第321章 诗圣杜甫4(2 / 2)

那是史书里的他,是他避无可避的,沉重的未来。

“朱门酒肉臭,路有冻死骨!”

这十个字,像十把淬了毒的尖刀,剐在李隆基的脸上,疼得他面皮发麻,连呼吸都带着灼人的火气。

他眼底的怒意几乎要喷薄而出,“好一个杜甫!好一支利笔!”李隆基咬牙切齿,字字都像是从牙缝里挤出来的,“朕的大唐,纵是有几分瑕疵,纵是有几家权贵奢靡,何至于被他这般写得不堪?!酒肉臭?冻死骨?他是要将朕的开元盛世,贬得一文不值吗?!”

他踱着步子,脚下的金砖仿佛都在震颤。方才那点无力与颓唐,尽数被这股恼羞成怒取代。

他自认不是昏聩至极的君主,早年也曾宵衣旰食,也曾轻徭薄赋,将大唐推向了万国来朝的巅峰。就算后来耽于享乐,也是历史上的他,关他现在什么事?可杜甫这一句诗,却将他苦心经营的盛世假象,撕得粉碎。

这哪里是写诗?分明是扎心,是打脸!

文人的笔,果然比刀子还要狠。刀子伤的是皮肉,可这诗句,伤的是他帝王的颜面,是他流传后世的声名!
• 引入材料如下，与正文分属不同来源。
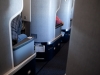 Looking down the aisle one can get a sense for the privacy and suite like feel of the cabin.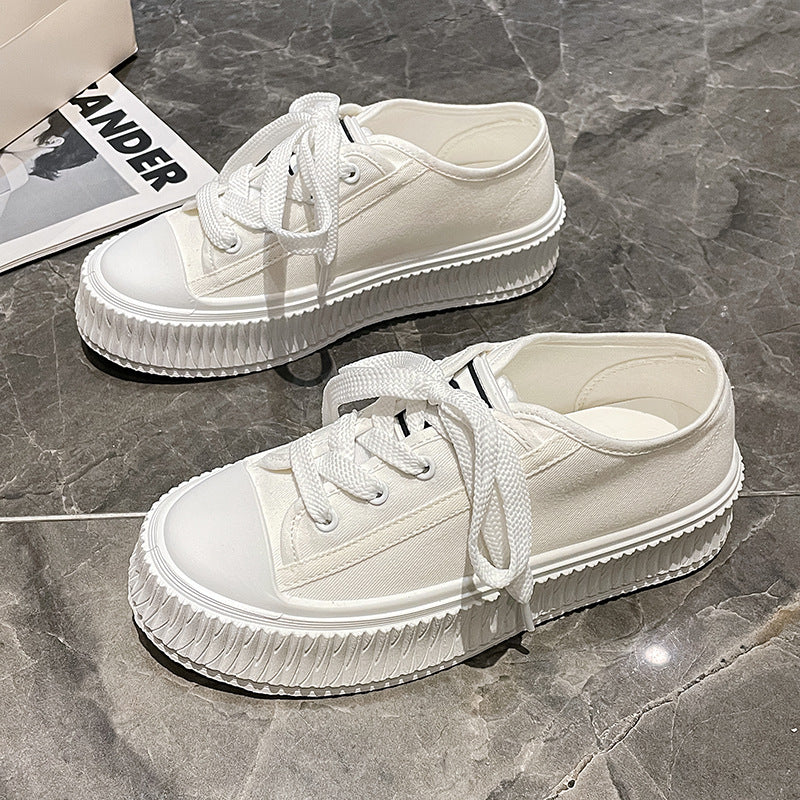 Chanel style thick-soled women's shoes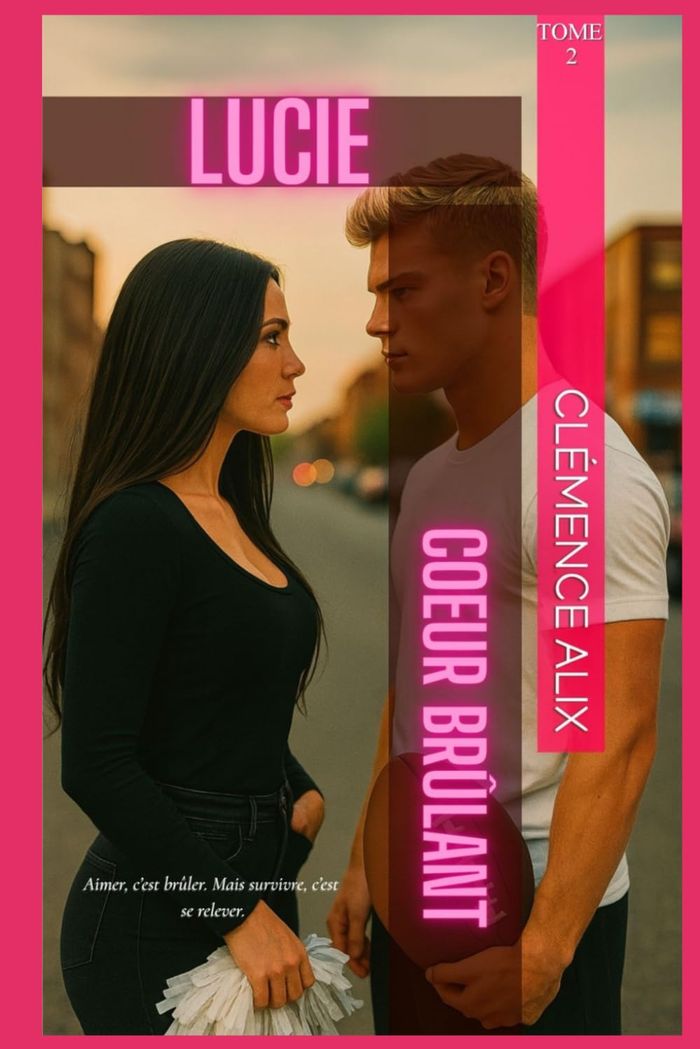 Couverture du livre « Coeur brûlant » de Clémence Alix, librairie Les Contes Infusés à Corte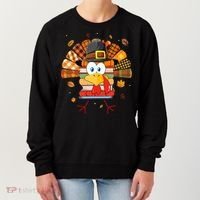 Librarian Book Lover Reader Funny Turkey Thanksgiving Fall Women's Sweatshirt thumb 0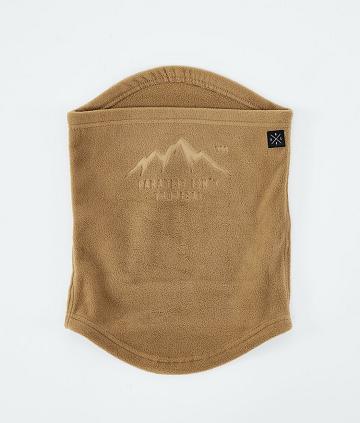 Gold Men's Dope Cozy Tube Facemasks | NZ_D2272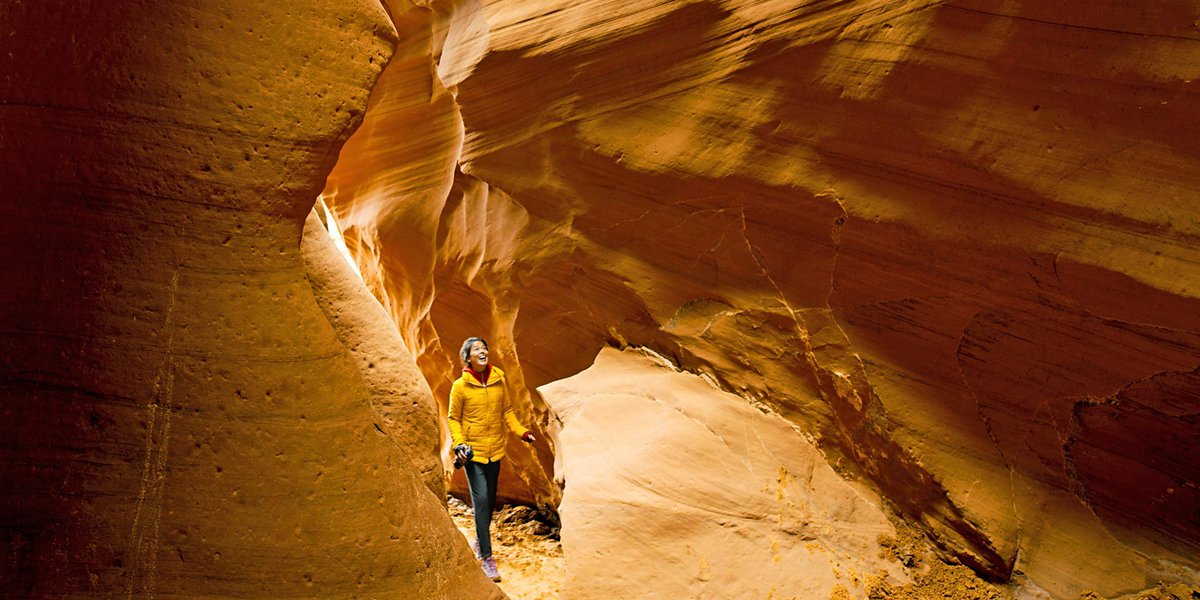 Antelope Canyon from the giant screen film Into America's Wild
他仿佛已经看到了千百年后,世人捧着这句诗,指着他的名字议论纷纷——看哪,这就是那个自诩开创盛世,却放任百姓冻饿而死的唐玄宗!

“颜面……朕的颜面都被他丢尽了!”

他想起那些锦衣玉食的王公贵族,想起那些朱门大院里夜夜笙歌的宴席,再想起光屏上那些衣衫褴褛、冻毙于道的流民,一股说不清道不明的烦躁与难堪,堵得他心口发闷。
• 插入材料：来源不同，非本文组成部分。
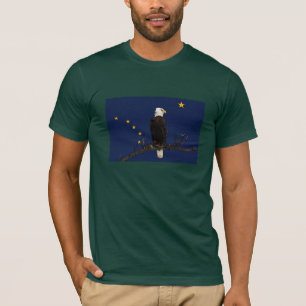 Alaska Eagle And Flag T-Shirt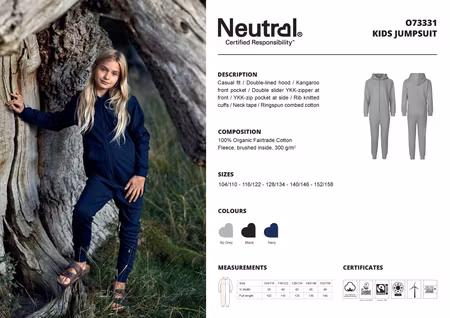 Neutral Kids´ Jumpsuit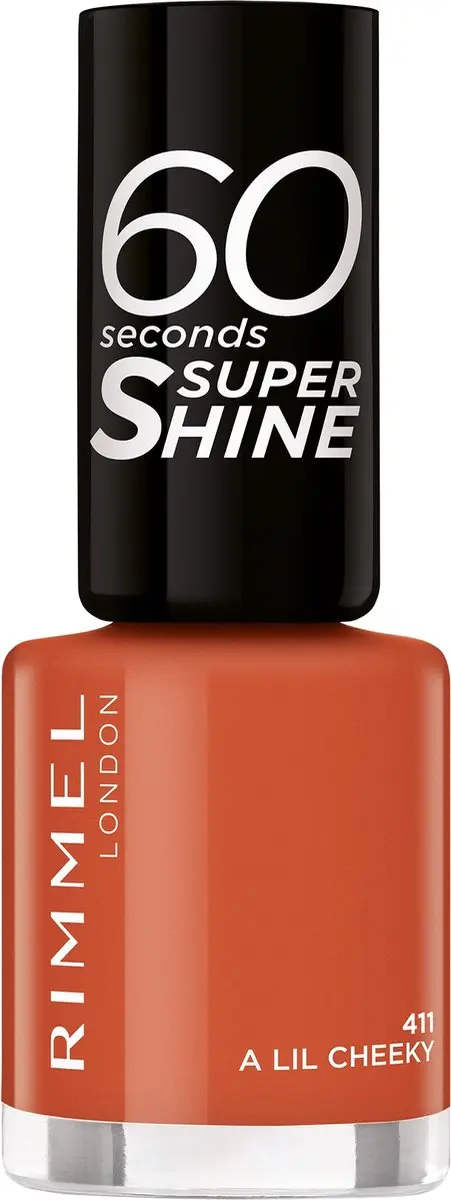 Rimmel London 60 Seconds Super Shine Nagellak 411 A Lil Cheeky - 8ml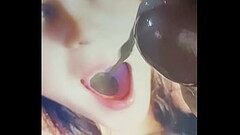 In your mouth Thumb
他不愿承认,可这句诗,偏偏字字诛心,戳中了他最不愿面对的疮疤。

李隆基却还觉得不解气,他盯着光屏上那行刺眼的诗句,胸腔里的怒火熊熊燃烧:“若他日朕能见着这个杜甫……定要问问他,朕的大唐,当真就这般不堪吗?!”

可话一出口,他便泄了气。

他连李林甫都无处追责,又能去向谁质问?

这轻飘飘的十个字,终究成了他帝王生涯里,一道洗不掉的耻辱印记。

大汉。

“朱门酒肉臭,路有冻死骨”十字如惊雷炸响,刘邦低低重复了一遍。

“好!好一个杜甫!好一句石破天惊的诗!”刘邦的声音带着几分粗粝的豪迈,在空旷的大殿里回荡,“果然不愧是被后世称作‘诗圣’的人!这字字句句,哪里是笔墨写就,分明是把天下百姓的苦楚,一刀一刀剜出来摆在人前!”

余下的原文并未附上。